Which? tested the Bose Portable Home Speaker (left), Amazon Echo Pop (right), and Google Nest Mini (Second Gen)
‘If users are concerned, then many of our TVs will accept a partial postcode.’
LG declined to comment.
Smart speakers
Which? tested the Bose Portable Home Speaker, Amazon Echo Pop, and Google Nest Mini (Second Gen).
Bose’s speaker and app was found to take the fewest upfront phone permissions of the three devices tested, but was ‘stuffed’ with trackers.
This included Facebook, Google, and digital marketing firm Urbanairship.
The Bose speaker also scored poorly on how it secured customer consent for data tracking.
In contrast, the Amazon Echo was found to give useful options to skip various requests to share data.
However, both the Amazon and Google accounts needed to use the Echo Pop or Nest Mini, respectively, do not give users an easy option to opt out of trackers.
An Amazon spokesperson said: ‘We design our products to protect our customers’ privacy and security and to put them in control of their experience.
‘For example, we build easy-to-use controls for our customers—these include physical buttons or shutters, simple in-app controls, and prompts within the device set up experience—and have created resources that explain how our devices and services work and the options available to customers.’
A Google spokesperson added: ‘Our customers’ privacy is very important to us and Google fully complies with applicable privacy laws and provides transparency to our users regarding the data we collect and how we use it.
‘For those moments when users want additional privacy controls on Google Nest smart speakers and displays, users can use Google Assistant in Guest Mode.
‘When in Guest Mode, Google Assistant won’t say or show personal results, personal contacts, and automatically deletes audio recordings and Google Assistant activity. ‘
How to improve your data privacy
Based on the findings, Which? has given several pieces of advice on how you can improve your data privacy:
Care about what you share
Some data collection is optional during setup, and that means you can opt out (although potentially with consequences in terms of functionality).
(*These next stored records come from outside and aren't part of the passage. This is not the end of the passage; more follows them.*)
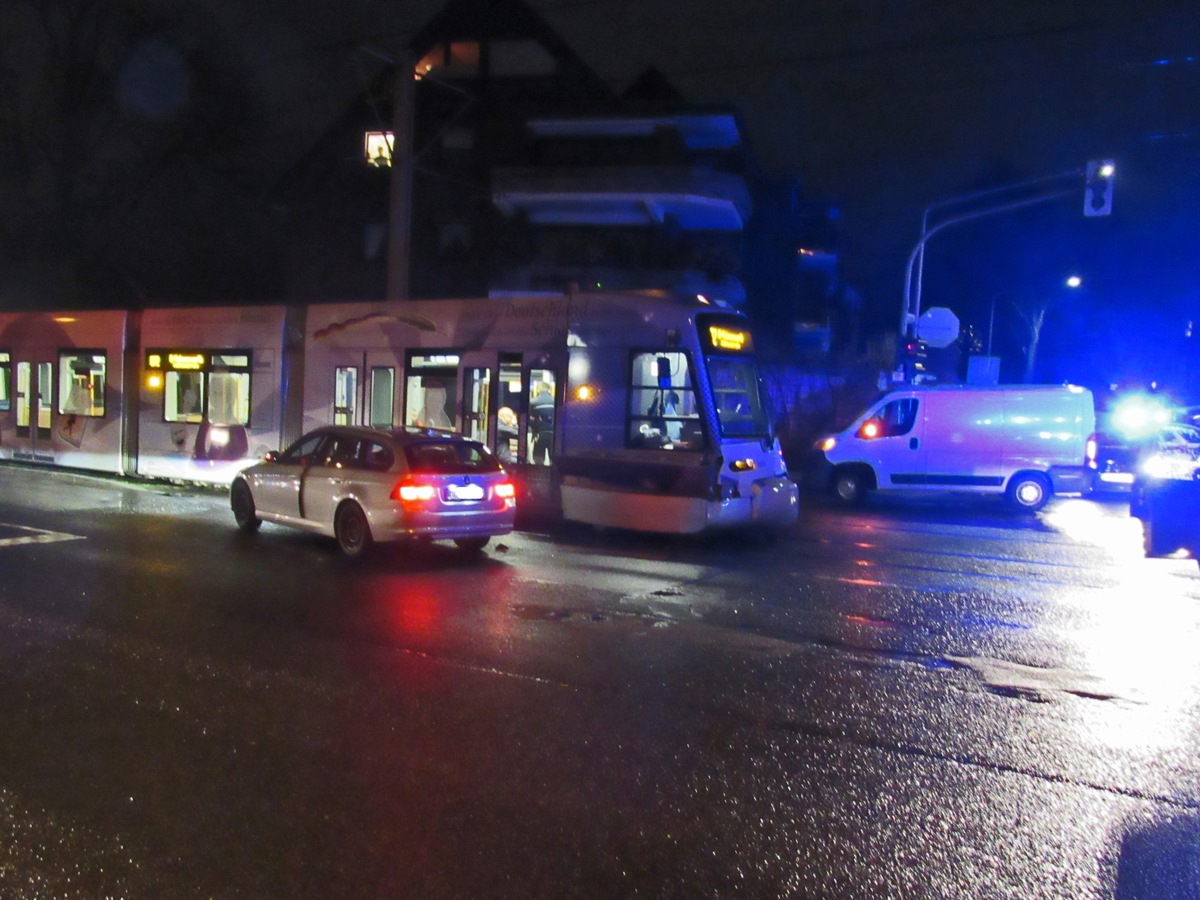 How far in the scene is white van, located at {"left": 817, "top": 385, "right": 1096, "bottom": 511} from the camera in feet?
58.4

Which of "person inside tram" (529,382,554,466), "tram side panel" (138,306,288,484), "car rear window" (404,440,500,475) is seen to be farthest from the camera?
"tram side panel" (138,306,288,484)

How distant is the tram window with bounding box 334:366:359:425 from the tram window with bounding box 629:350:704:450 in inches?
206

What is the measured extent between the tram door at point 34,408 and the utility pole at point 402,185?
748 centimetres

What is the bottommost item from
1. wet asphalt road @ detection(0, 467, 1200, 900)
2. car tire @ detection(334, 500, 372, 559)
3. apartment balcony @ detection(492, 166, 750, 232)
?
wet asphalt road @ detection(0, 467, 1200, 900)

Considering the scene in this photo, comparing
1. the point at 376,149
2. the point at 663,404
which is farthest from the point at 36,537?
the point at 376,149

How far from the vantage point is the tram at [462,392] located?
12.7m

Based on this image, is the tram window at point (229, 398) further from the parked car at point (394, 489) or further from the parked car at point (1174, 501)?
the parked car at point (1174, 501)

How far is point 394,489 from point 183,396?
889cm

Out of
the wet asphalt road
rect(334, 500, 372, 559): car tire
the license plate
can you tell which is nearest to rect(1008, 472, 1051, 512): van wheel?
the wet asphalt road

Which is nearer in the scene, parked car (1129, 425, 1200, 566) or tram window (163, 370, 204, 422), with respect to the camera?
parked car (1129, 425, 1200, 566)

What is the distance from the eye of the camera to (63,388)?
2041cm

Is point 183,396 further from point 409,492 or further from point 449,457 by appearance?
point 409,492

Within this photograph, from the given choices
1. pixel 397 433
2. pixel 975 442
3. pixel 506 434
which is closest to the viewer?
pixel 397 433

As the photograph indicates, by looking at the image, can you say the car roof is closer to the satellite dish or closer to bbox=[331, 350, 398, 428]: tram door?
bbox=[331, 350, 398, 428]: tram door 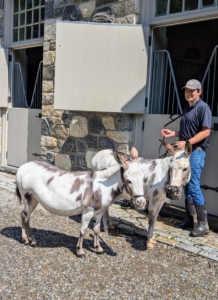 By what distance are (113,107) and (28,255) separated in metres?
2.61

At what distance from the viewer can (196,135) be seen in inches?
160

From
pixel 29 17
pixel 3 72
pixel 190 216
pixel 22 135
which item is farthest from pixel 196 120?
pixel 3 72

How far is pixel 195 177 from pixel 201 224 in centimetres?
59

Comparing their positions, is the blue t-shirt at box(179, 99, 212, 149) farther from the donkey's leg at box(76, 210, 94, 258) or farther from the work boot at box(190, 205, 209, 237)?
the donkey's leg at box(76, 210, 94, 258)

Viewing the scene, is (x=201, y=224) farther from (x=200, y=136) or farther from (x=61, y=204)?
(x=61, y=204)

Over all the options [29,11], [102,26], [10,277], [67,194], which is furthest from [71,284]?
[29,11]

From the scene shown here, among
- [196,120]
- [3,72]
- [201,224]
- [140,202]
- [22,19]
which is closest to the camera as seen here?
[140,202]

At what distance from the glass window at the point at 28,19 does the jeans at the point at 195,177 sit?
4.39 meters

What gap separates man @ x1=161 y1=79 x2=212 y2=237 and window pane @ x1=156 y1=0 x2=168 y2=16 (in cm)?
158

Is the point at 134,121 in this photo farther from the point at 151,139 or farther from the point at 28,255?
the point at 28,255

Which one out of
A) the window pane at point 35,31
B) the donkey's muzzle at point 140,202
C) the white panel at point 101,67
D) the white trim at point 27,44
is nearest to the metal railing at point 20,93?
the white trim at point 27,44

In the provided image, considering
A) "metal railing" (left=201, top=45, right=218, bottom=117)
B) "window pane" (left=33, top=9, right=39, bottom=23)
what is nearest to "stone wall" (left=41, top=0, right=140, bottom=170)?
"window pane" (left=33, top=9, right=39, bottom=23)

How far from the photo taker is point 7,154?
7.94 meters

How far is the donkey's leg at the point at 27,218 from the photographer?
12.3ft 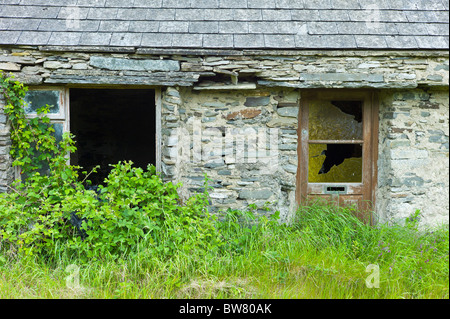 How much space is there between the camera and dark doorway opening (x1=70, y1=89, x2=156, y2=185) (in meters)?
9.10

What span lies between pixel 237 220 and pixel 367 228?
156 cm

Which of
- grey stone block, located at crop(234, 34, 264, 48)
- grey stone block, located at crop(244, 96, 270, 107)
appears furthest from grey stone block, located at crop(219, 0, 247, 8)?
grey stone block, located at crop(244, 96, 270, 107)

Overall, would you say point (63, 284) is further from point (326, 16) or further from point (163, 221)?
point (326, 16)

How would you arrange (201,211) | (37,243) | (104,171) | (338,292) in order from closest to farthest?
1. (338,292)
2. (37,243)
3. (201,211)
4. (104,171)

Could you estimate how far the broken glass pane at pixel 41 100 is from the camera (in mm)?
5113

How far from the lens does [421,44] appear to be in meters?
5.02

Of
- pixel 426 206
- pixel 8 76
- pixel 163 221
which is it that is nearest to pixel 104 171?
pixel 8 76

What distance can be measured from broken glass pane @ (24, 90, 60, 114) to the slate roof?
603 mm

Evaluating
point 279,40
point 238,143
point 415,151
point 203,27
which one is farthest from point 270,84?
point 415,151

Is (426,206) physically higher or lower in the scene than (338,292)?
higher

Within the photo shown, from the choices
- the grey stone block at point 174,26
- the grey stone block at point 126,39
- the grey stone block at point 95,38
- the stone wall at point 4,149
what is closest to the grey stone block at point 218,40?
the grey stone block at point 174,26

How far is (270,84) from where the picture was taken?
506 cm

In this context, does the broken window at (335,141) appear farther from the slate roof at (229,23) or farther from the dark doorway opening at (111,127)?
the dark doorway opening at (111,127)

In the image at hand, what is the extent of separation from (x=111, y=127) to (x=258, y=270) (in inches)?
252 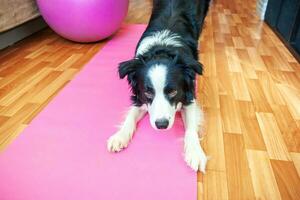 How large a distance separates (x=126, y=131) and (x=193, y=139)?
15.5 inches

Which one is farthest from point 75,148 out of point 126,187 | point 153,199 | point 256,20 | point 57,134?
point 256,20

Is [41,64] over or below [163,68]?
below

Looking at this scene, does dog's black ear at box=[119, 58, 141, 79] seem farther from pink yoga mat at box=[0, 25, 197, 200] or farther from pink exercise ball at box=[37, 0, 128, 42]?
pink exercise ball at box=[37, 0, 128, 42]

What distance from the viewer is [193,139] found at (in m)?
1.57

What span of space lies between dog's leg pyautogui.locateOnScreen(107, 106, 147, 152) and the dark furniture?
191 centimetres

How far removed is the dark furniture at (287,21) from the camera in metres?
2.98

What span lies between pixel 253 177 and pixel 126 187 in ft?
2.11

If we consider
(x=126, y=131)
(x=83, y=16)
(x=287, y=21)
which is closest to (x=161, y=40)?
(x=126, y=131)

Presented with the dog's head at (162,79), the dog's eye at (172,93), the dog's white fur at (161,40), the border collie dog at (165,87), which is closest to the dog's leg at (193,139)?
the border collie dog at (165,87)

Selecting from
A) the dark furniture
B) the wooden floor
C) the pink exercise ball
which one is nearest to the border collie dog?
the wooden floor

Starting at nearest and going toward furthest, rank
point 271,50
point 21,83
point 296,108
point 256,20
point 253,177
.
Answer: point 253,177
point 296,108
point 21,83
point 271,50
point 256,20

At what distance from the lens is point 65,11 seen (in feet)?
9.00

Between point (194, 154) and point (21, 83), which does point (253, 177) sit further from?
point (21, 83)

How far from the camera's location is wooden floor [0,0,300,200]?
1.42m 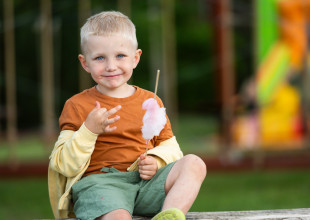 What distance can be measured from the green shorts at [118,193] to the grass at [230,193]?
217 centimetres

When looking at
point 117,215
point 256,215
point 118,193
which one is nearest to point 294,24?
point 256,215

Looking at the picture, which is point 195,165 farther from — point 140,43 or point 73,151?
point 140,43

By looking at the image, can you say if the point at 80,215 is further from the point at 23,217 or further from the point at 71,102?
the point at 23,217

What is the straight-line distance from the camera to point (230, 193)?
5.04 meters

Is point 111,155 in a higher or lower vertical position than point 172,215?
higher

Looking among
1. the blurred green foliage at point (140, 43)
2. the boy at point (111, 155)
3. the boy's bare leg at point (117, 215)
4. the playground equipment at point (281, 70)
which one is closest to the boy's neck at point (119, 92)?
the boy at point (111, 155)

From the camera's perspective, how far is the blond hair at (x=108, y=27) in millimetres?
2229

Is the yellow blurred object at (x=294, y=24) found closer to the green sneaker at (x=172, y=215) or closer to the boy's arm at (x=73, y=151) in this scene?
the boy's arm at (x=73, y=151)

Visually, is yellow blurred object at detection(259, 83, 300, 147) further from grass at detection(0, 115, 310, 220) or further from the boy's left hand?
the boy's left hand

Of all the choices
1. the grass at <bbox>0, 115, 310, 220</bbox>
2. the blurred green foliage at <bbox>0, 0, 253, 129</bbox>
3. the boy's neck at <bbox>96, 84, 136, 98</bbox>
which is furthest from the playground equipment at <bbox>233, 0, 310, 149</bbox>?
the boy's neck at <bbox>96, 84, 136, 98</bbox>

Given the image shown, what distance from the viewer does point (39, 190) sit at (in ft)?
17.7

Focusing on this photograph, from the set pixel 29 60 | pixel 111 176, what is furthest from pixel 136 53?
pixel 29 60

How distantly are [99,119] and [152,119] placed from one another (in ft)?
0.68

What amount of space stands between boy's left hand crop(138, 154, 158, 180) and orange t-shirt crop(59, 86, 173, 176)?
0.07m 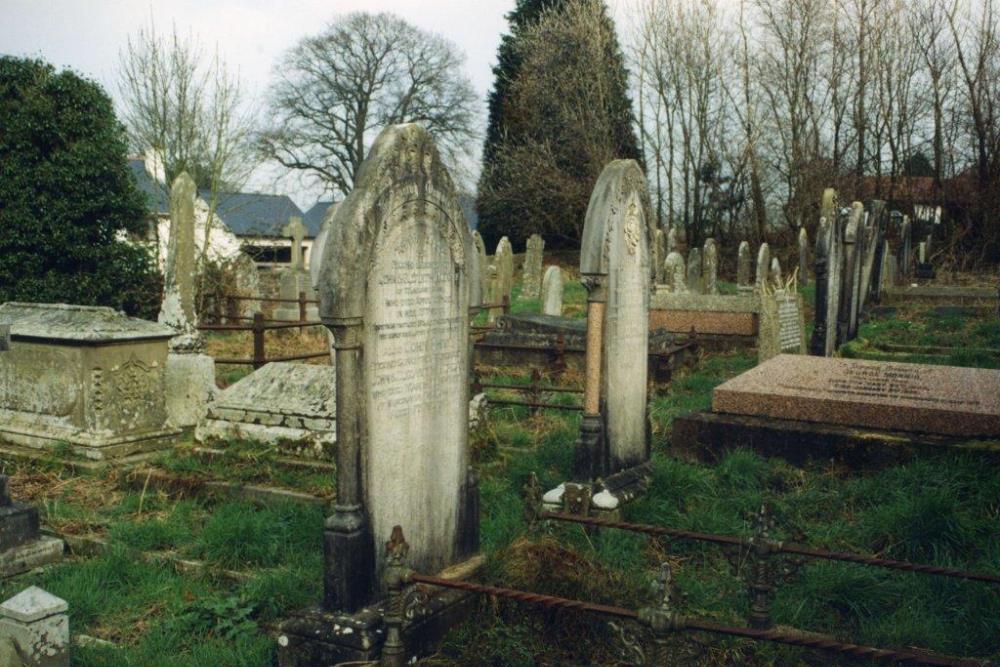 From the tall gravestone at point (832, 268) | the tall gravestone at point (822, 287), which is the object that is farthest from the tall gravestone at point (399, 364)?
the tall gravestone at point (832, 268)

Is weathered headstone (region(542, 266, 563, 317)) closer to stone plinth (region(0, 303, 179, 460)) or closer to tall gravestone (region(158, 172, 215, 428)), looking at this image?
tall gravestone (region(158, 172, 215, 428))

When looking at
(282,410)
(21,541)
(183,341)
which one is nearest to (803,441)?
(282,410)

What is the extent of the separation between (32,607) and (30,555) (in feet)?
6.79

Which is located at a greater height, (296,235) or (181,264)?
(296,235)

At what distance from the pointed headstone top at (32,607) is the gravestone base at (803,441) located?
515cm

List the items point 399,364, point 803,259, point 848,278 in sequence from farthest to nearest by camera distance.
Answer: point 803,259, point 848,278, point 399,364

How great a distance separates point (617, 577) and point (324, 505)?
259 cm

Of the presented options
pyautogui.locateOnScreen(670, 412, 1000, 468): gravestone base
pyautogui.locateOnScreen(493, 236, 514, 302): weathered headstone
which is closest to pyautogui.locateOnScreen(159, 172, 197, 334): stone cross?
pyautogui.locateOnScreen(670, 412, 1000, 468): gravestone base

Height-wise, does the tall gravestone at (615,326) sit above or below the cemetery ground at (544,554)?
above

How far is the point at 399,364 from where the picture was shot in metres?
4.24

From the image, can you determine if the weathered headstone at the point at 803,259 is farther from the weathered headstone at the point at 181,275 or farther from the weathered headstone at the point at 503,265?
the weathered headstone at the point at 181,275

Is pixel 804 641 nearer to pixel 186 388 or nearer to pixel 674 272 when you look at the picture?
pixel 186 388

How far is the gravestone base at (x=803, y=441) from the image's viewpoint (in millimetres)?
6754

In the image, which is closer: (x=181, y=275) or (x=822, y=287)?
(x=181, y=275) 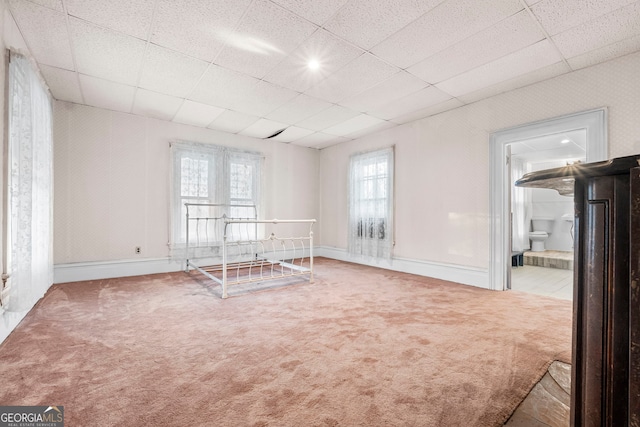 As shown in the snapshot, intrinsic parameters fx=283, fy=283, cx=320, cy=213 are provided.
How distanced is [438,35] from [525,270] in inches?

Only share what you are comfortable with.
Check permissions
On iOS and Android, you can review permission requests before downloading an app, and check what each app has access to in your settings.
Deny access
Also in your phone settings, you can potentially deny or limit access to data such as location, contacts, and so on. Although, that might stop or limit aspects of the app.
Delete recordings
Using the Alexa and Google Assistant settings, you can set your voice recordings to be deleted automatically rather than stored after a period of time.
Read the privacy notice
Do at least browse the policy, particularly the data collection sections. You have the right to object to a company processing your data.